EUR/GBP Naik Menuju 0,8550 karena Membaiknya IMP Manufaktur Zona Euro
- EUR/GBP menguat karena IMP Manufaktur Zona Euro membaik ke 47,4 pada bulan Mei, mencapai level tertinggi dalam 15 bulan.
- Pound Inggris mempertahankan posisinya setelah rilis IMP Inggris yang beragam.
- BoE mungkin menunda penurunan suku bunga karena IHK Inggris melemah pada laju yang lebih lambat dari prakiraan pada bulan April.
EUR/GBP naik mendekati 0,8520 selama sesi Eropa pada hari Kamis, karena Euro terapresiasi menyusul membaiknya Indeks Manajer Pembelian Manufaktur (IMP) Pendahuluan Zona Euro. Penurunan dalam sektor manufaktur Zona Euro membaik ke 47,4 di bulan Mei dari 45,7 di bulan April, melampaui ekspektasi 46,2 dan mencapai tertinggi 15 bulan.
Selain itu, IMP Jasa di blok tersebut tetap stabil di 53,3 pada bulan Mei, tepat di bawah estimasi 53,5. Sementara itu, IMP Komposit naik ke 52,3 dari 51,7, menandai tertinggi 12-bulan.
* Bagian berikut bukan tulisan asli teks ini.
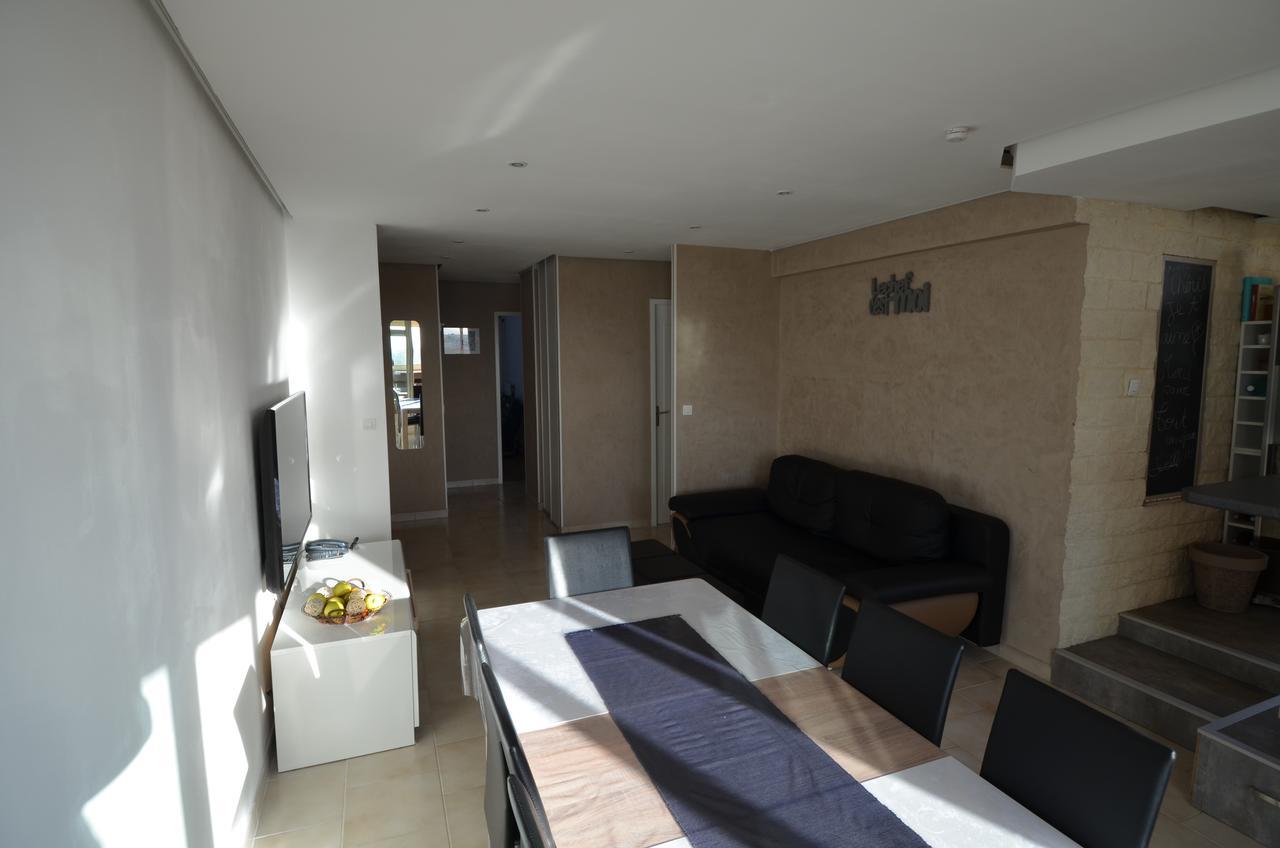 Rooftop 8 Personnes Grande Terrasse Avec Parking Quartier Aéroport Appartement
Di Jerman, kontraksi sektor manufaktur melambat pada bulan Mei, sementara sektor jasa menunjukkan kinerja yang lebih baik. IMP Manufaktur naik ke 45,4, level tertinggi dalam empat bulan. Pada saat yang sama, IMP Jasa naik ke 53,9, mencapai puncak 11 bulan.
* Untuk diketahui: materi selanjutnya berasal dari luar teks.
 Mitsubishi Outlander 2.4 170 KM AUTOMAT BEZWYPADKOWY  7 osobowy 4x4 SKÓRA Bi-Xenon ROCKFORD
Di Inggris, data IMP yang beragam membantu Pound Sterling (GBP) bertahan. Indeks Manajer Pembelian (IMP) Manufaktur S&P Global/CIPS Inggris yang disesuaikan secara musiman membaik ke 51,3 di bulan Mei, naik dari 49,1 di bulan April, melampaui ekspektasi 49,5. Namun, IMP Jasa Pendahuluan Inggris turun ke 52,9 pada bulan Mei, meleset dari konsensus pasar 54,7 dan turun dari sebelumnya 55,0.
Kepala Ekonom Bisnis di S&P Global Market Intelligence, Chris Williamson mengatakan "Data survei IMP pendahuluan untuk bulan Mei mengisyaratkan ekspansi lebih lanjut dalam aktivitas bisnis Inggris, mengindikasikan perekonomian terus pulih dari resesi ringan yang terlihat pada akhir tahun lalu."
Selain itu, Pound Inggris menerima dukungan karena Bank of England (BoE) mungkin menunda peralihan ke normalisasi kebijakan karena laporan Indeks Harga Konsumen (IHK) Inggris untuk bulan April menunjukkan bahwa inflasi melemah pada laju yang lebih lambat dari prakiraan.